Cyrille Le Clerc found a problem in a build doing basically
The shell command appeared to complete, but then the build seemed to hang, and did not respond to anything short of a hard kill.
A virtual thread dump just showed WorkflowScript on the last line of the closure. A physical thread dump of the master showed the problem:
On the agent, stream copiers were still active for the docker exec call associated with the shell step, as well as a docker stop call on the container.
Indeed process inspection showed that both docker commands were running, and docker ps just hanged: for reasons TBD, the Docker daemon was not responding to requests (though docker version worked). Docker did not work again until sudo service docker restart was run.
Was not clear if killing the docker stop process would have resumed the build, since by that point a sequence of kill escalations had already been attempted.
The most straightforward fix in the plugin would be to use .start().joinWithTimeout(...) rather than .join() in DockerClient. Thus, a failure to clean up a container due to an outage in the Docker daemon would at worst result in a few minutes' delay followed by a (more or less) comprehensible error.

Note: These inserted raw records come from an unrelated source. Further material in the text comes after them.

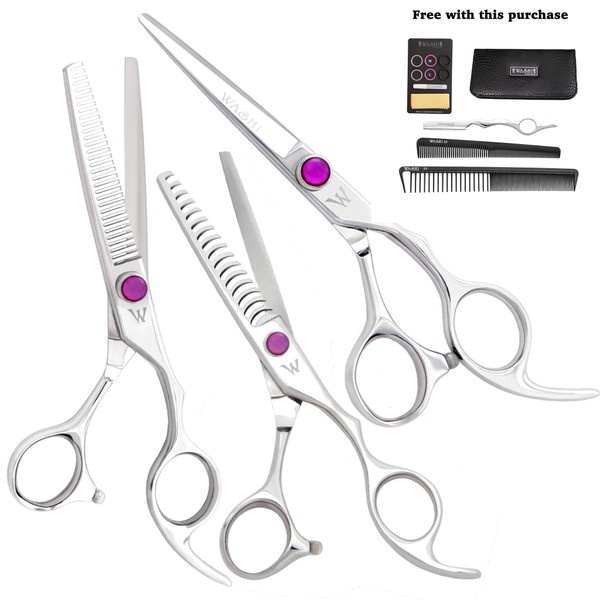Silver Dragon 3T Set - Washi Scissor Company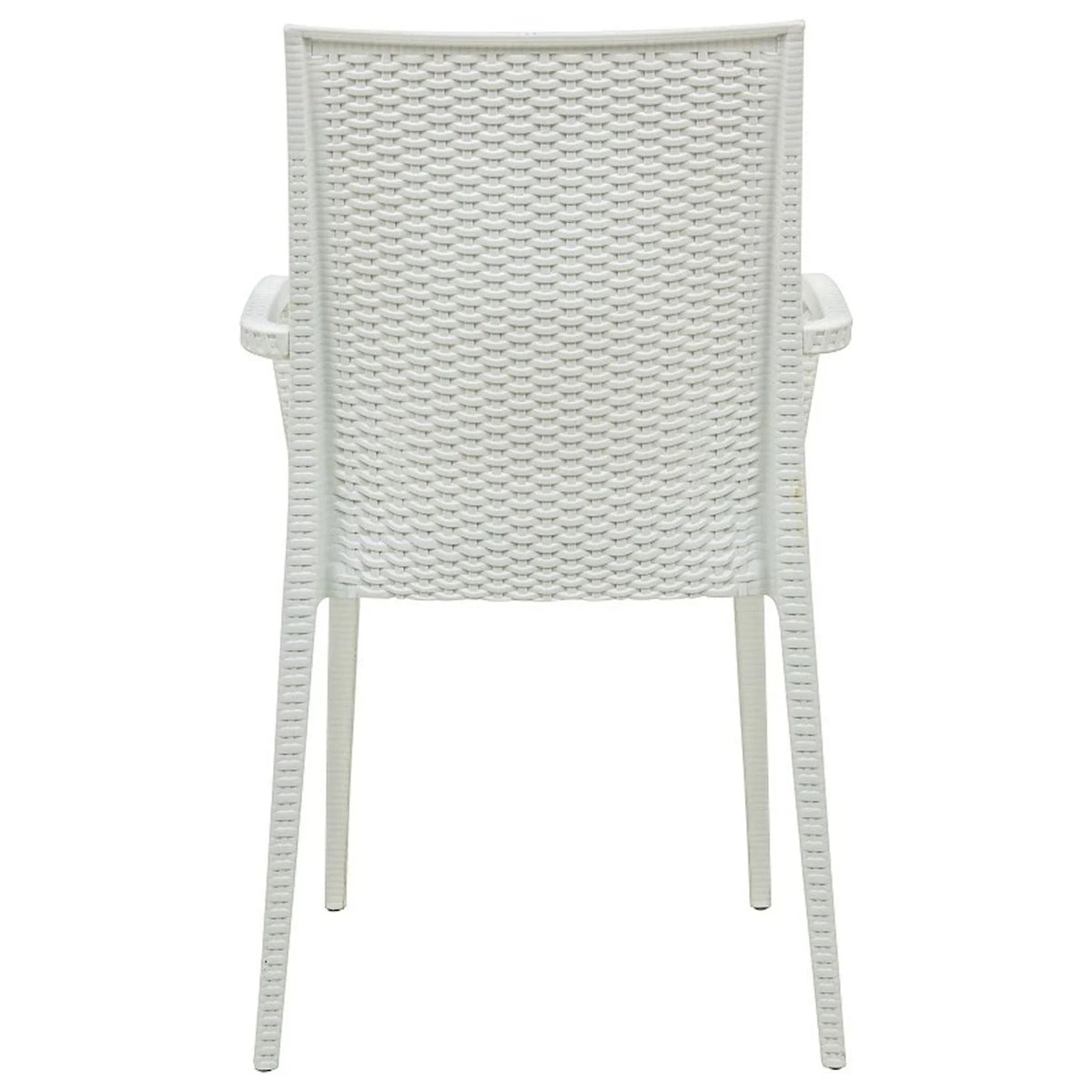 Mid-Century Indoor/Outdoor Chair J275667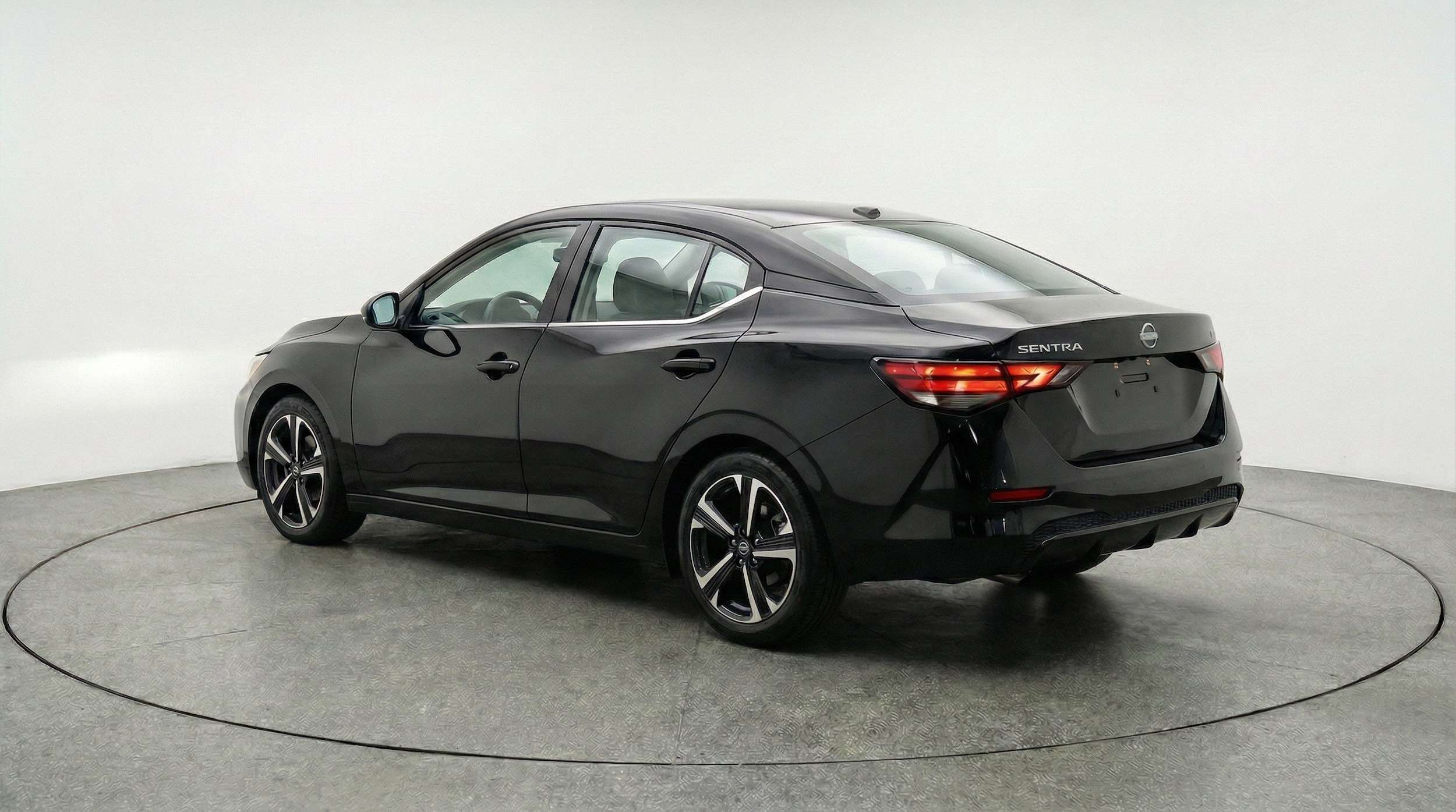 Thumbnail: 2025 Nissan Sentra - 6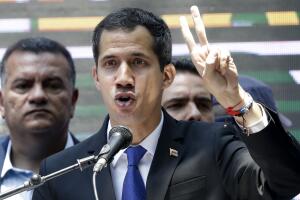 Juan Guaido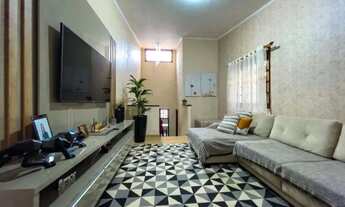 Imagem 5: Sobrado à venda em Jandira, Jardim Gabriela I, com 3 quartos, com 125 m²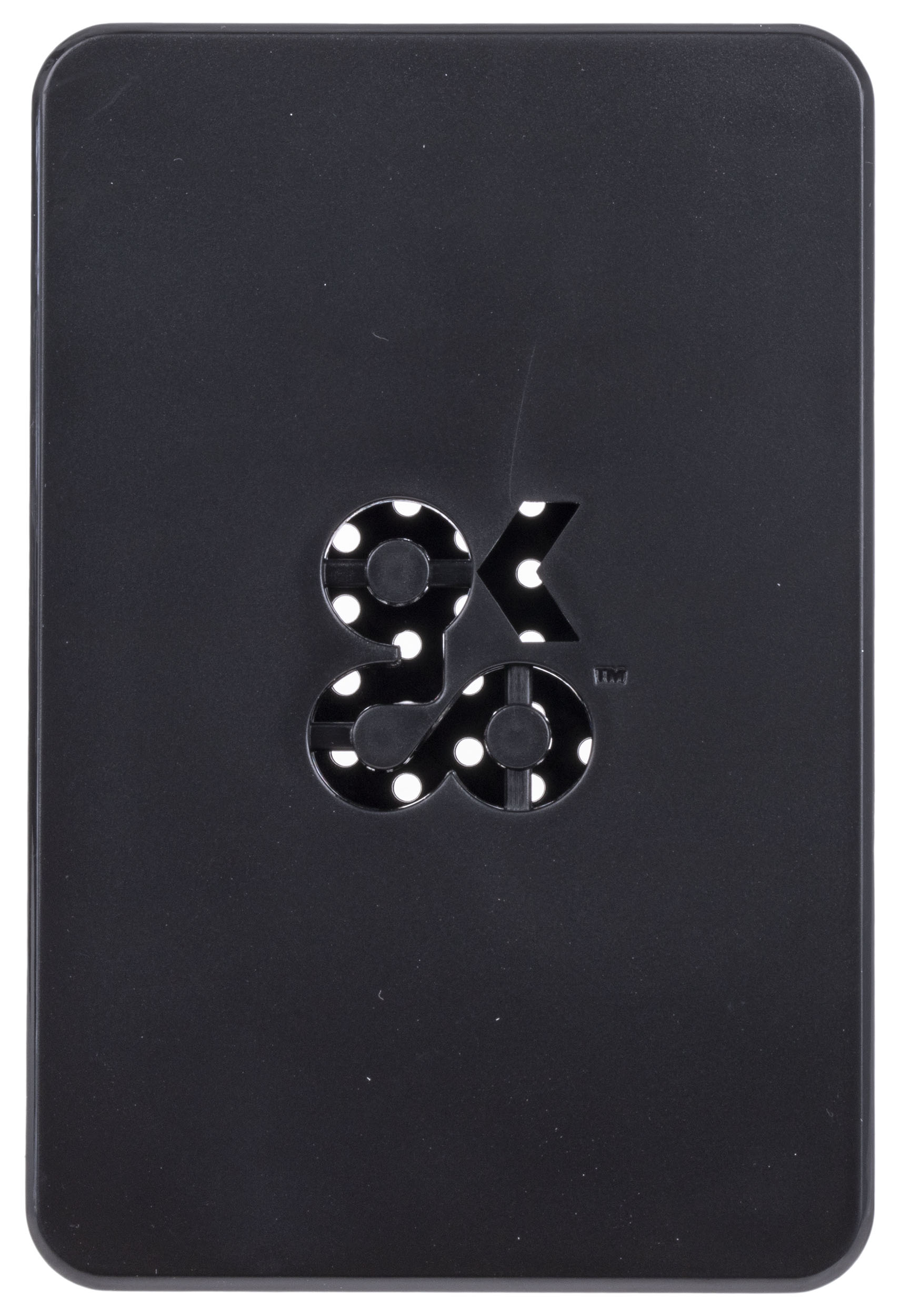 Okdo ABS  Case in Black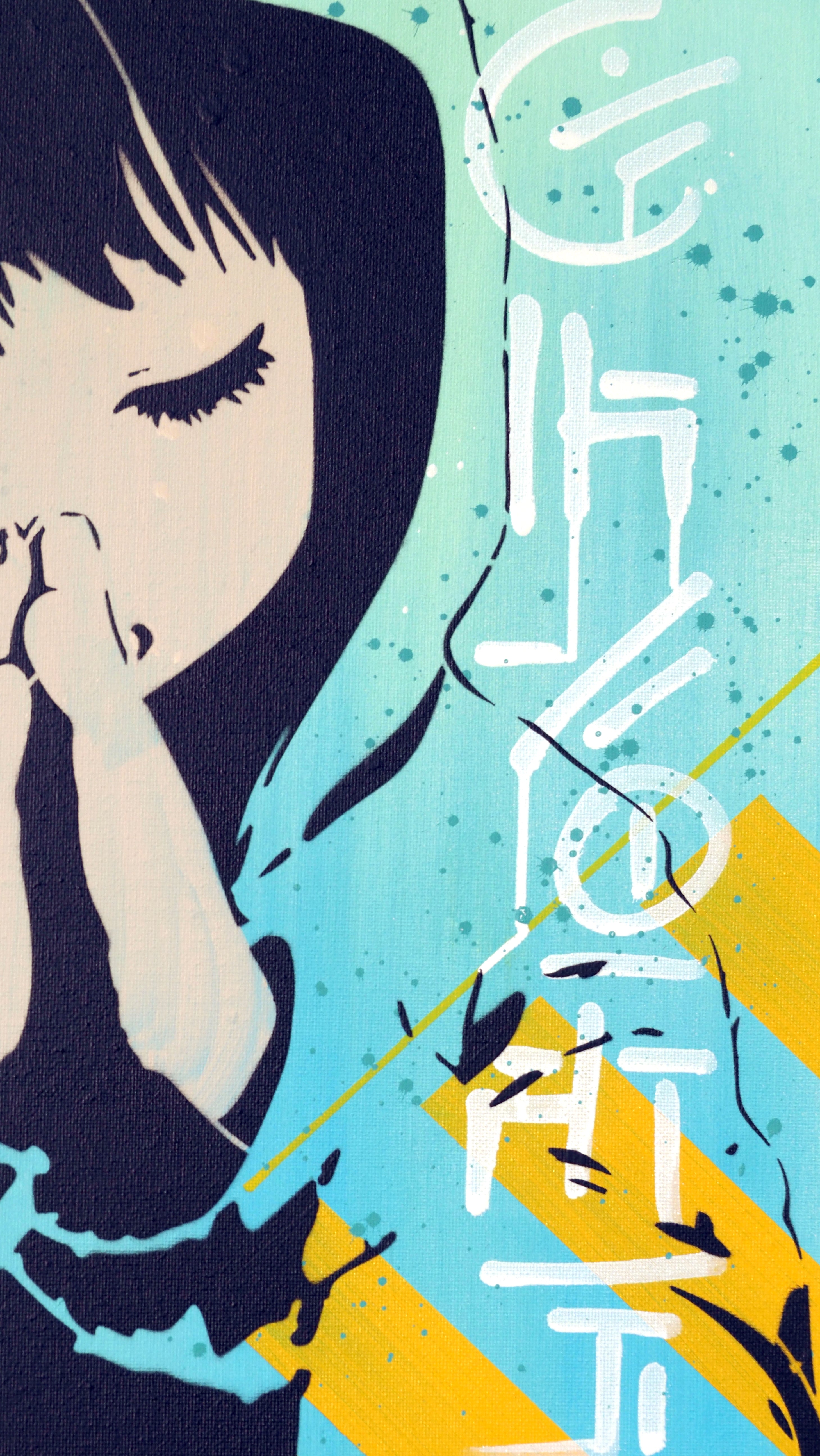 Panda Dream: Neo-Pop Innocence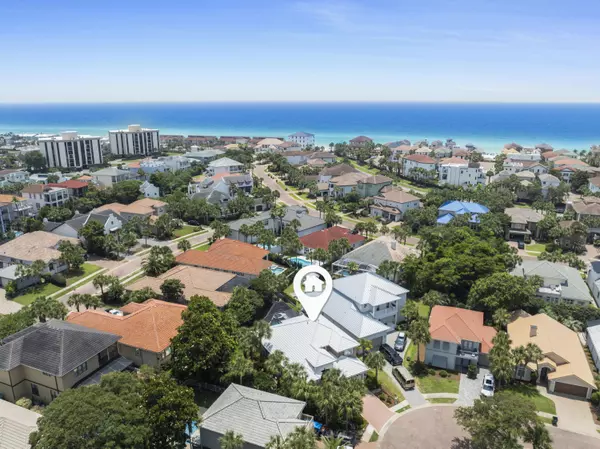 Destin, FL 32541,4765 Bonaire Cay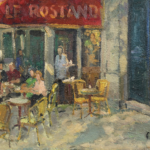 Le Rostand – Paris thumbnail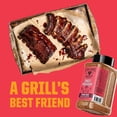 thumbnail image 4 of Fire & Smoke Society Sweet Preacher BBQ Seasoning, Pork Rub, 17 oz., 4 of 8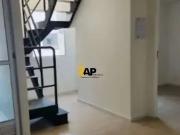 Cobertura para Venda em São Paulo/SP Vila Ernesto 1 Quartos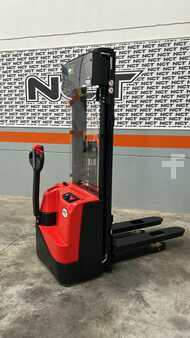 Gerbeurs 2025  EP Equipment WSA121 3.3 mts free lift Lithium Dealer price! (3 unit aval) (1)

(All Docker commands in the plugin that are expected to take a long time, because they might contact a registry, are run from sh steps in Groovy code so they are durable and cleanly interruptible. Docker commands which we do not need to wait for, like docker exec to run processes in the container, are just launched and the process handle discarded. DockerClient with its blocking join call is only used for commands which under normal conditions should be close to instantaneous: docker run -d after checking for local availability of the image, docker inspect, docker stop, etc. But clearly this assumption is not completely reliable.)